-- Opening Marker --

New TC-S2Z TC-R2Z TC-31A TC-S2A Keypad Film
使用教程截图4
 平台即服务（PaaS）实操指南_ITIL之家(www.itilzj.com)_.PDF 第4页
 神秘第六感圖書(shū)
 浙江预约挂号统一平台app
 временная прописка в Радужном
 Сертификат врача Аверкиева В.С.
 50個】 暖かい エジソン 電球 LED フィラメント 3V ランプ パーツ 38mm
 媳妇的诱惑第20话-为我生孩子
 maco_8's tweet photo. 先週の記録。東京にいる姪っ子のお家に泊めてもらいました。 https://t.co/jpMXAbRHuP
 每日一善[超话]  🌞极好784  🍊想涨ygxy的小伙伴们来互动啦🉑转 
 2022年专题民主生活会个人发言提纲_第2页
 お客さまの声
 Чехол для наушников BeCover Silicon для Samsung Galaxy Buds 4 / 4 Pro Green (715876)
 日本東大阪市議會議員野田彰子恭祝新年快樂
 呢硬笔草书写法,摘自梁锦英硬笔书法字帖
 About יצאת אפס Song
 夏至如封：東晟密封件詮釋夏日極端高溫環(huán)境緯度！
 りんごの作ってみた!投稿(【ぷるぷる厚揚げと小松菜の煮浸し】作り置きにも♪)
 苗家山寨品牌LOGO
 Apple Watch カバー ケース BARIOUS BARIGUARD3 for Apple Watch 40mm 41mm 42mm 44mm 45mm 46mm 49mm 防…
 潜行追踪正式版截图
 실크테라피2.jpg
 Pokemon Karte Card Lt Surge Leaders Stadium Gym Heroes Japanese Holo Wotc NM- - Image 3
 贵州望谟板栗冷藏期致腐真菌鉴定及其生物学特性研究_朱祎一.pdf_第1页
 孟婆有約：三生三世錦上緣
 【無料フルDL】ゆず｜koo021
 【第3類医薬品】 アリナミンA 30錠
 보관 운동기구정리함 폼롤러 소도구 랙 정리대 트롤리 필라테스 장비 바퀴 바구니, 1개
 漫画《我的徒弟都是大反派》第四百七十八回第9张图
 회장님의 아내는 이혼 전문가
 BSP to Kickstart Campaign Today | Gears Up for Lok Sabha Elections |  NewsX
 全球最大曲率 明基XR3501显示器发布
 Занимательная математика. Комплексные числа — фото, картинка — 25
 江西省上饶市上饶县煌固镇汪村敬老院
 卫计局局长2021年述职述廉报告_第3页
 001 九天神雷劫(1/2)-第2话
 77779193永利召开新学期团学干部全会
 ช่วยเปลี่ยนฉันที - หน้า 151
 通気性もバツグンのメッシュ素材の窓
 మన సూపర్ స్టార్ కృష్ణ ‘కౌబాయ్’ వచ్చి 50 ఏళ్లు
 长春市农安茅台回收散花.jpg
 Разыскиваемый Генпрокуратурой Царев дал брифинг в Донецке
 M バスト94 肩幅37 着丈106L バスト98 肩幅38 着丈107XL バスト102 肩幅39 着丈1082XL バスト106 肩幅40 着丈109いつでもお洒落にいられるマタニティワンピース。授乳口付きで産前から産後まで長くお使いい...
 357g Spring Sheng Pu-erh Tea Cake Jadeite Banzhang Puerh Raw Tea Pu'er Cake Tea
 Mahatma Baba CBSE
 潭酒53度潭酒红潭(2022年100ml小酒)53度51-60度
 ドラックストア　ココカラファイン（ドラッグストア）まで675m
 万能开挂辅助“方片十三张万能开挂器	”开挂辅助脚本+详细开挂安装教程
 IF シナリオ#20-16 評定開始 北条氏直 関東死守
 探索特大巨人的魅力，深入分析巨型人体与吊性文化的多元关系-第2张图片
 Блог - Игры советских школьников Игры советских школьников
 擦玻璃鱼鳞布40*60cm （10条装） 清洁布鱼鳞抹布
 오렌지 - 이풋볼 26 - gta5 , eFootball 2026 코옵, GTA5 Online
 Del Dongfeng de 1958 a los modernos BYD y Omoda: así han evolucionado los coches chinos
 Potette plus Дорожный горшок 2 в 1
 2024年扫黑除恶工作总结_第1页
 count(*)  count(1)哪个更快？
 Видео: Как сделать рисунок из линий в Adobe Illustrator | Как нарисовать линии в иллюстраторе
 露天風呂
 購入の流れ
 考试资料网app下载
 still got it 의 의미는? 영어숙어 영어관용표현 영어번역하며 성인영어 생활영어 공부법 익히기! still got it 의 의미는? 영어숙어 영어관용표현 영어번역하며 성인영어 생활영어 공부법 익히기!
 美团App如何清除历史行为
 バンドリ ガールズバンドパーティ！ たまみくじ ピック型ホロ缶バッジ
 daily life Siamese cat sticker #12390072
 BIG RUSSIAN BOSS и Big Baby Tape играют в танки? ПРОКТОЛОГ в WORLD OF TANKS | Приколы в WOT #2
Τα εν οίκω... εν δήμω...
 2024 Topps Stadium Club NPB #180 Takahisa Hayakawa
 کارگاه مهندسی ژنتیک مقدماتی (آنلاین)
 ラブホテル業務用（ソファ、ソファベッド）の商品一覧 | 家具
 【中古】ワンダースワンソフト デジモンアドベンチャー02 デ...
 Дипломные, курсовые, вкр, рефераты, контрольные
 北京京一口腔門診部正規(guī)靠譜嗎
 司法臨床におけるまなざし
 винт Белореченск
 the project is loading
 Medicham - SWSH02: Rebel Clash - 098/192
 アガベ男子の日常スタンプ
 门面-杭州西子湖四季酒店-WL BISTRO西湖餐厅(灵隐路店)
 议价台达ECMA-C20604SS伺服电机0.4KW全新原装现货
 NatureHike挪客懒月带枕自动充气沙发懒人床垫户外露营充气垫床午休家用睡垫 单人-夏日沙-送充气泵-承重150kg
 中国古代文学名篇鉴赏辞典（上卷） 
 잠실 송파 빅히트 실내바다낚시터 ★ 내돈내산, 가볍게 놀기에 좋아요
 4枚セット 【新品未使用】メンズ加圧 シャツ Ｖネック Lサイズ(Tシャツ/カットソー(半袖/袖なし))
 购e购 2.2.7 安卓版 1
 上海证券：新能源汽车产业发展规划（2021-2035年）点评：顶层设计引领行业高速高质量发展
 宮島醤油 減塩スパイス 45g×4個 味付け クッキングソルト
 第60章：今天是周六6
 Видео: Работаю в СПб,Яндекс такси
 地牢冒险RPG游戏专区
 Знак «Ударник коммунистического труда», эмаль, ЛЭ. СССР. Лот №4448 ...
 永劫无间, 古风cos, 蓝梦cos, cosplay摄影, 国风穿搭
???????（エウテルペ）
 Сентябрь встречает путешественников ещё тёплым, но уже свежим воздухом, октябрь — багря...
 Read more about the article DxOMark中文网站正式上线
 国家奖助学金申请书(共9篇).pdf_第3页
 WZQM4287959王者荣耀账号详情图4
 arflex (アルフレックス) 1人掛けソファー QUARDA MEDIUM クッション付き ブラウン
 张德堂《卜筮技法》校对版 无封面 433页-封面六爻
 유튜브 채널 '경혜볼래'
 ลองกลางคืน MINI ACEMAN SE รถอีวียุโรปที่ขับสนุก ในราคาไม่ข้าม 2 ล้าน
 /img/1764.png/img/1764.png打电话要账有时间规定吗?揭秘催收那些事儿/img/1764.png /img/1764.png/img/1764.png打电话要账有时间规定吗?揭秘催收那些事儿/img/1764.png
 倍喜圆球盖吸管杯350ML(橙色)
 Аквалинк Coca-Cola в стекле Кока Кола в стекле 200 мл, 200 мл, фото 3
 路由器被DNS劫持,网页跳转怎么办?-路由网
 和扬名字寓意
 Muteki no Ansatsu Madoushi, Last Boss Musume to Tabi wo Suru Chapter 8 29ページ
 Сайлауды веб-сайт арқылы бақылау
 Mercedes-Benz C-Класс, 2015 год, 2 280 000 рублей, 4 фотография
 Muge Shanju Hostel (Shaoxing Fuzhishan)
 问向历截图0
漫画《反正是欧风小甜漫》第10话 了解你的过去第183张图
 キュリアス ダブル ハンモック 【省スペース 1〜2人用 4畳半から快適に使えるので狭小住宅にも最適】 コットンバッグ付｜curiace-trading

-- Closing Marker --

From the records above, print only the lines between the one holding "daily life Siamese cat sticker #12390072" and the one holding "2024 Topps Stadium", inclusive, exactly as they stand.

> **REPLY**
 daily life Siamese cat sticker #12390072
 BIG RUSSIAN BOSS и Big Baby Tape играют в танки? ПРОКТОЛОГ в WORLD OF TANKS | Приколы в WOT #2
Τα εν οίκω... εν δήμω...
 2024 Topps Stadium Club NPB #180 Takahisa Hayakawa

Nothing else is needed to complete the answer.